2. I've been reading and rereading some poetry as a comfort. I reread Mary Oliver's Blue Horses, which I own, twice. There's something so comforting in her writings, primarily about nature. I've also read a sample of her collection Devotions and read Blue Iris out of the library in the past. I wish I had more of her books. I'm also reading and rereading my former co-worker's poetry collection, My People, My People, My G-d, on his spiritual journey as a Black man in America. In addition to being a professor, he's also a minister.


What I Watched This Week

1. This week, my husband and I watched the documentary 13th on Netflix, about the broken and racist prison system in America. It wasn't my idea, as I'm not typically a huge fan of documentaries, but I foresee a lot more of them in my future. Michelle Alexander, author of The New Jim Crow: Mass Incarceration in the Age of Colorblindness, was interviewed prominently, and I definitely intend to read her book.

2. I also watched The Hate U Give, based on the book by Angie Thomas. It was streaming free on multiple platforms this week. I highly recommend it, even though it was hard to watch, because it so clearly shows the human toll of what is and has been happening to Black and other people as a result of police brutality in our country.

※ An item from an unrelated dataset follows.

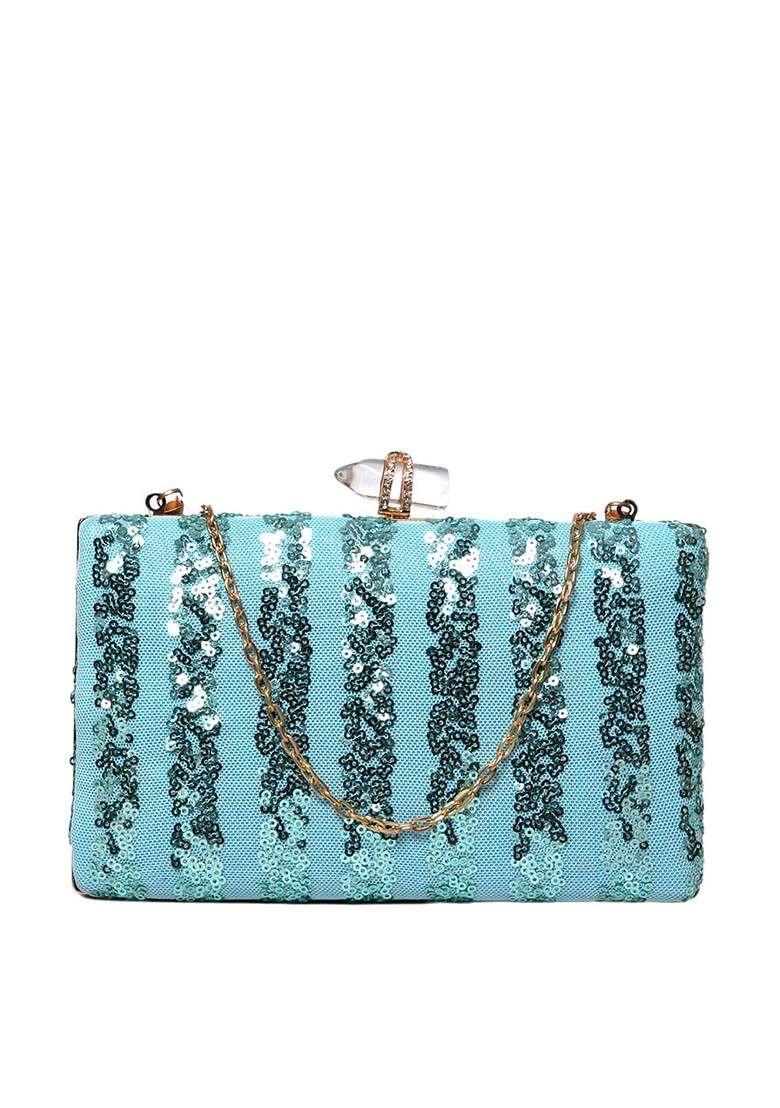 Blue Satin Blue And Silver Toned Embroidered Embellished Box Clutch - Indya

Other Things That Happened This Week

1. We refinanced our mortgage

I'd been meaning to do this since rates started going down with the pandemic and now that I am (unplanned) out of work for the summer, since my summer job didn't end up happening, and I'm not getting any bites on online summer jobs that are legit or worth the money (SmarThinking offers $11/hour for master's degrees, $12 for PhDs. No, I'm not joking). I did some research, and we ended up getting 3.373%, which is much better than our current 4.5%, so we're taking it. There are better rates out there, but because of our (my) current financial situation, they wouldn't offer them to us because of the debt-to-income ratio, and everyone said the situation is really volatile right now, so I decided to take what we can get. If you have a mortgage, I do really recommend refinancing now and shopping around. There seem to be a lot of good options and most of the mortgage loan officers I talked to seemed pretty conscientious and told me to take the best rate I could get anywhere; I even had at least one outright tell me to take someone else's rate.

2. We lost our dog in a closet

We had some fun yesterday when we couldn't find one of our dogs. I seriously wondered if he had escaped into a pocket dimension! We checked outside, every room in the house, calling his name, I even went around shaking a bag of treats--nothing. Finally, we thought we heard a noise, so I opened one of our closets (that my husband had already checked) and out he came! Just having a chill nap under the shoe rack, I guess.

3. I had a book club meeting on Dani Shapiro's Inheritance

One of my two book clubs met on Zoom this week to discuss Inheritance by Dani Shapiro. All of us (I think) really liked it, and I would be interested in reading her other memoirs and novels. She's a really lyrical, introspective writer, and as somebody put it, it's not just about her; her personal concerns about identity and belonging have universal themes. I thought Shapiro was really brave in confronting her unexpected genetic heritage and reckoning with what she felt as the loss or change of her Jewish identity--and it did change how she related to some members of her family and not others. She gained a new family as well, albeit with fraught ethical considerations.